Habra's language alone is enough to transport. These are fairy tales for the adults who still believe—and those who need awakening from forgetting how to believe. These stories tell tales of love and loss, of a longing to leave the known behind and enter something greater and more universal—and surely that is the echo of the universal human heart. Each story builds an intimate world around the reader, often, but not always, with strong women in leading roles, even when they are struggling against cultural constraints demanding conformity. Through magical realism, these characters reflect the inner voices many of us hold deep inside.

Flying Carpets is a story collection in the grand tradition of storytelling. For those who know Habra's poetry, discovering her equal expertise in prose will be a treat. 

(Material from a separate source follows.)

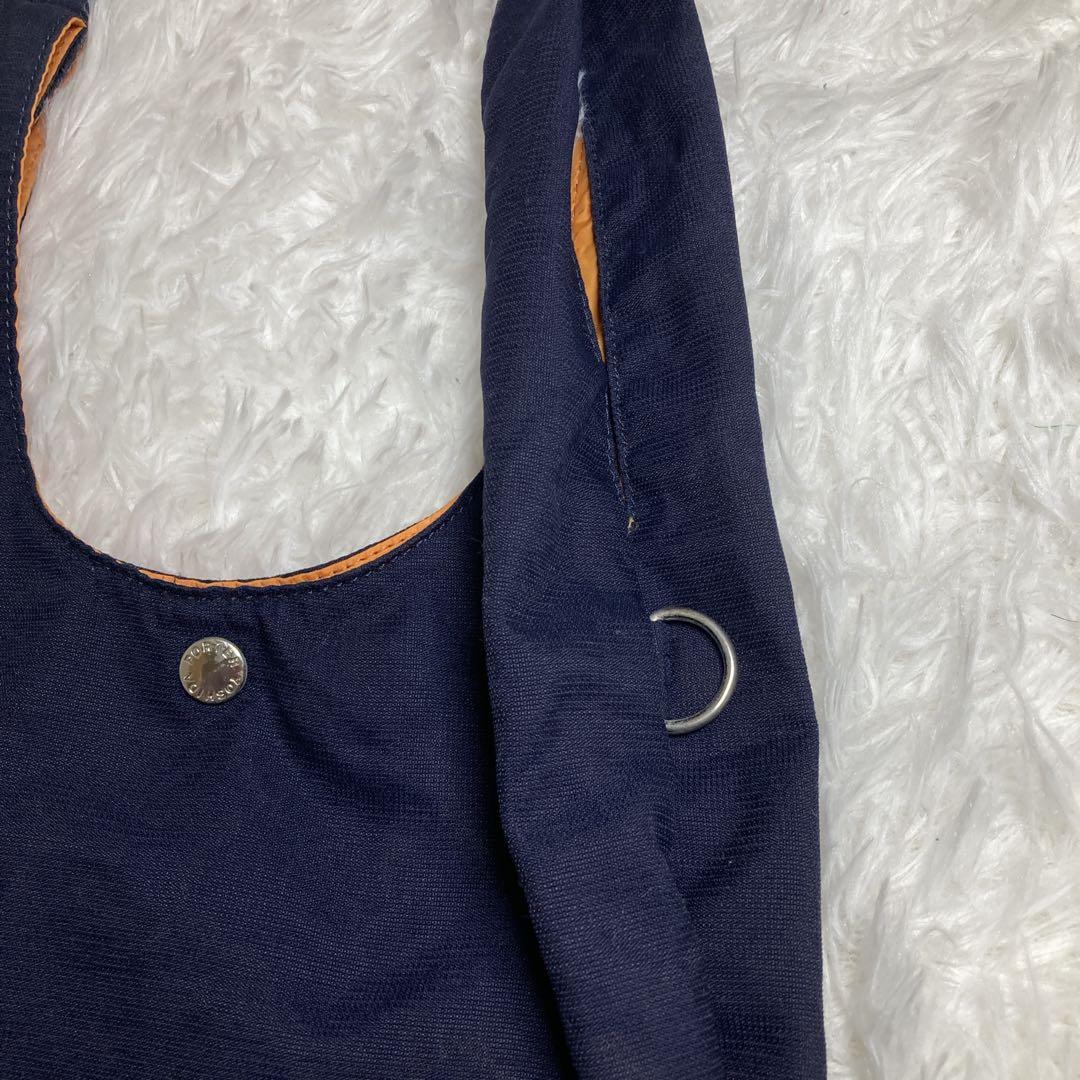 ★完売品★ タグ付き PORTER BAGGER GMS BAG エコバッグ 紺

Hedy Habra, born and raised in Egypt, is of Lebanese origin. She received her M.F.A. and a Ph.D. in Spanish Literature from Western Michigan University where she currently teaches. Her poetry and fiction in French, Spanish, and English have appeared in numerous journals and anthologies, including The Smoking Poet, Puerto del Sol, The New York Quarterly, Cider Press Review, Nimrod, Poet Lore, and Dinarzad's Children Second Edition. Her critical essays have appeared in literary journals such as Chasqui and Latin American Literary Review. Her newest title is Tea in Heliopolis, a poetry collection published by Press 53.